The economist believes that after the eventual end of the price cap policy, the price of granulated sugar will not increase considerably due to the fact that global sugar prices have plummeted, however, the other price regulated products will become 30% to 40% more expensive. These prices will also be affected by global political and economic trends: If Russia cannot sell their wheat on the international market after a record harvest, the country will “sit on 50 million tons of unsold wheat.” Meanwhile, maize prices aren’t expected to increase much since the harvest in the United States produced 353 million tons of corn.

At the very least, according to Mr. Raskó, food shortages cannot be expected in Hungary.

Hungary: The greatest y-o-y increase in the price of food in the EU

The overlapping crises in the global economy and climate change, as well as Russia’s invasion of Ukraine have deeply impacted European agricultural and food industries. The increase in food prices is a global phenomenon, and all EU countries saw, at varying levels but at a steady rate, an increase in the prices of food.

This figure, however, has been the highest in Hungary between 2021 and 2022. While the EU average was 14.3%, and the Dutch figure was 13.1%, food inflation in Hungary has reached a staggering 34% y-o-y value by August, 2022, which is 2.3 times the European average.
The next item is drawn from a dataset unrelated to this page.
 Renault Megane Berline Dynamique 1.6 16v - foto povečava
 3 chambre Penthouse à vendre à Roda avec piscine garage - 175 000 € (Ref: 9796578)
These figures are based on the latest data by Eurostat. Official figures can vary however. Hungary’s average inflation value, according to the governmental Central Statistical Office, was 15.6%, while Eurostat’s methodology measured Hungary’s yearly inflation in August at 18.6%.

This was reported by Pé, a financial news portal. The portal also interviewed Mr. György Raskó about the country’s high food inflation value. Mr. Raskó has commented that in the spring, inflation was favorable for the government’s policy vision since in early 2022, the government spent lots of money on welfare expenditures including thirteenth month pension payments and income tax returns. Mr. Raskó explained that in his opinion, these increased consumption and through inflation, the government could cover the €2.43 million extra deficit of the treasury caused by the welfare expenditures. Moreover, according to the economist, grocery retailers further increased prices to cover their extra tax burdens, which led to a vicious spiral in which “every actor felt justified in raising prices,” leading to a situation where now “every agricultural commodity and raw material has a higher producer price than their respective price levels at the domestic commodity market, or the commodity markets in Paris or the United States.”

According to Mr. Raskó, sooner or later international trends will help bring food prices down, for example cheaper eggs, wheat and corn from Ukraine will temper domestic prices. The higher prices however, are aligned with the interests of producers, who suffered catastrophic losses due to the drought this summer.

Food waste rate in Hungary remains high

The organization Hungarian Food Bank has published their newest figures on Hungarians’ food waste habits. The organization, together with the National Food Chain Safety Office (NÉBIH) and the company Electrolux Hungary have conducted a nation-wide representative survey.

According to the organization, people in Hungary generate 65 kg of food waste per capita per year, even though consumers report that they try to be mindful of wasting groceries. For comparison, the per capita food waste in the Netherlands is 34 kg according to Wageningen University.

Eight out of ten Hungarians see food waste as a global problem. Nonetheless, Hungarians waste food worth €110 per capita every year. Only 45% know what temperature to set their refrigerators to (0-4°C).

The survey also showed that 82% of the responders would like to receive more information on food waste and would like to see more information on the environmental impact of food items on the packaging. The majority of responders also thought that food waste can primarily be reduced by educating children on sustainable practices in school and by providing adults with more information on reducing food waste.